Wozu Raumfahrt?

Seite 4: Die größte Herausforderung

Das ganze Themenfeld um die Besiedelung ferner Regionen bietet der Kritik reiches Material, um sich an Plänen und Visionen abzuarbeiten, die womöglich mehr über die Auffassungen, Sehnsüchte und Ängste der Zeitgenossen verraten als über zukünftige Ereignisse. Diskussionswürdig sind dabei weniger die technischen Aspekte, sondern es ist der große "Störfaktor" Mensch, der notwendig in diese Szenerien eingebaut ist und an dem sich Fragen entzünden, die in den Ingenieurabteilungen nur unzureichend beantwortet werden können.

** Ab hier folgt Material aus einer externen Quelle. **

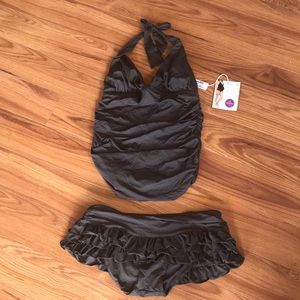 NWT Ingrid and Isabel maternity tankini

Was von den heutigen Erwartungen und Prognosen eintreten wird, zeigen die Jahre. Doch werden wohl auch die beeindruckendsten technischen Leistungen von der fernen Ahnung begleitet sein, dass das All bei den Kampagnen nicht mitspielen könnte, dass es doch nur Einsamkeit und Verzweiflung bereithält, dass es schlicht kein Ort für uns ist. Als die größte Herausforderung könnte sich schließlich erweisen, sterben zu lernen, während Lebensräume schwinden, Sonnen ausglühen, Galaxien ineinander rasen, das Universum erkaltet, bis zum nächsten göttlichen Höhepunkt in der sich wiederkäuenden Ewigkeit.

Doch bis dahin ist noch Zeit. Das Interesse an der Raumfahrt jedenfalls erlebt gegenwärtig eine Renaissance, und auch die Projekte sind wieder ambitionierter. Man will erneut zum Mond und im Marsstaub sollen nicht nur Abdrücke von Roboterfahrzeugen zu sehen sein, sondern auch menschliche Fußspuren. Der Blick in die Berichterstattungen und sonstige Veröffentlichungen zeigt derweil, dass sich das Vokabular und offenbar auch die Denkmuster aus dem letzten Jahrhundert gut erhalten haben. Längst stehen die Vorhaben wieder im Zeichen von Mächtekonkurrenzen. Von "Wettläufen" ist allenthalben die Rede, zwischen politischen Systemen, Konzernen, Egos. Wer auch immer in diesem Rennen als erster einen Himmelskörper betritt, eine Menschheitsfahne wird er nicht hissen.